Step 10: Analytics Pipeline (Optional)

For click analytics, capture events without slowing redirects.

  1. Fire and forget – The application server sends a click event to a message queue (Kafka or SQS) asynchronously.
  2. Stream processing – A stream processor like Kafka Streams or Flink aggregates events into time windows.
  3. Batch processing – Periodically write aggregated data to an analytics database (ClickHouse, Redshift) for dashboards.

This decouples analytics from the critical redirect path, ensuring low latency.

Step 11: Trade-offs

Every design decision involves trade-offs.

  • 301 vs 302 redirects – 301 is cachable and reduces server load but hides per-click analytics. 302 enables analytics but increases server load.
  • Short URL length – Shorter URLs are more user-friendly but reduce the key space and increase collision probability.
  • Database vs cache consistency – A cache TTL means redirects may temporarily fail after a database update. Acceptable for most use cases.
  • Expiration – Supporting expiration adds complexity to cache invalidation and storage reclamation.

Step 12: Failure Scenarios

Plan for common failure modes.

  • Database failure – Read replicas handle read failover. Promote a replica to primary if the primary fails.
  • Cache failure – Application falls back to the database directly. Latency increases but redirects still work.
  • Traffic spikes – Auto-scaling groups add application servers. Rate limiting protects the database.
  • Retry strategy – Transient failures are retried with exponential backoff. Idempotent design prevents duplicate URL creation.

Graceful degradation keeps the system functional even when components fail.

Step 13: Final Architecture Summary

The complete system consists of:

  • Load balancer distributing traffic to stateless application servers.
  • Application servers handling shorten and redirect requests.
  • Redis cache storing hot URL mappings for low-latency redirects.
  • Primary database with read replicas for persistent storage.
  • Optional analytics pipeline with a message queue and batch processor.

Data flow: Client request flows through the load balancer to an application server. The server checks the cache, falls back to the database on a miss, and returns the redirect. Analytics events fire asynchronously to the message queue.

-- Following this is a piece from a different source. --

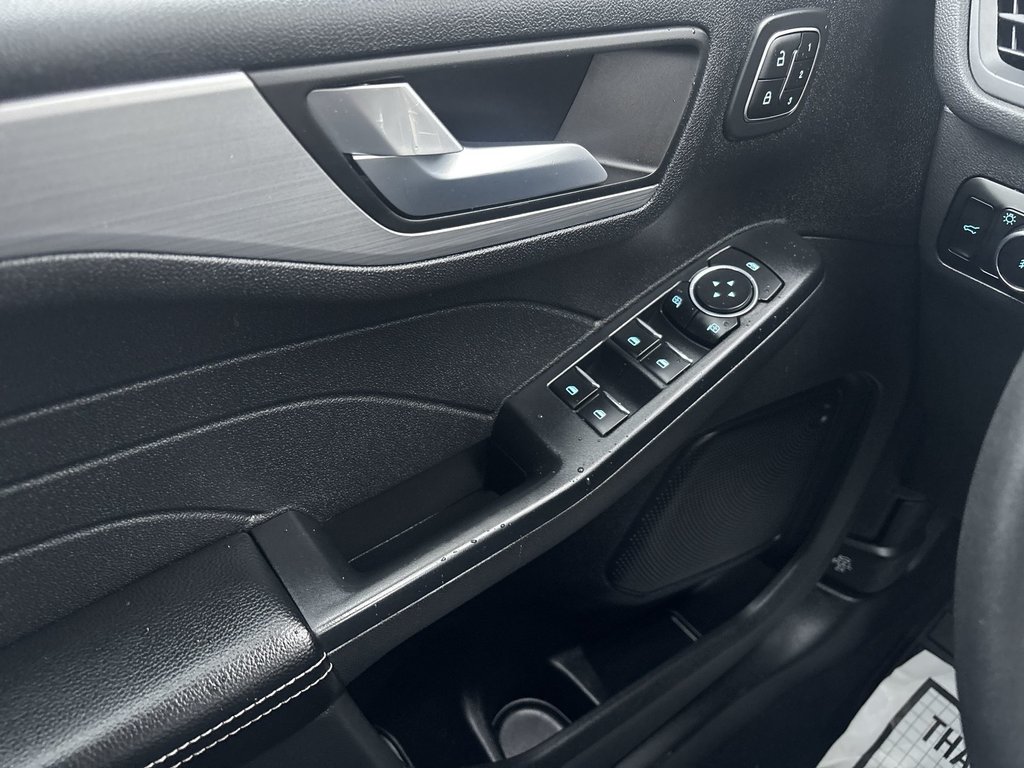 2023 Ford Escape Platinum | Leather | Cam | USB | HtdWheel in Saint John, New Brunswick - 15 - w1024h768px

The system scales horizontally at every tier. Caching absorbs the majority of read traffic. Database sharding handles write growth.

Interview Tips

  • Start simple – Propose a basic design with an application server, database, and cache. Add complexity as the interviewer probes.
  • Clarify requirements first – Confirm whether analytics, custom aliases, and expiration are needed.
  • Always mention caching – Redis or Memcached is essential for redirect latency.
  • Discuss bottlenecks – Identify the database as the first bottleneck and explain how sharding addresses it.
  • Highlight trade-offs – For example, 301 vs 302 redirects and the impact on analytics.

Learning Outcome

After completing this design walkthrough, you should be able to:

  • Apply a structured system design process from requirements to final architecture.
  • Reason about database selection, caching strategies, and scaling techniques.
  • Handle traffic spikes and failure scenarios in a real-world distributed system.
  • Confidently answer the URL shortener question in system design interviews.
  • Recognize the trade-offs inherent in every architecture decision.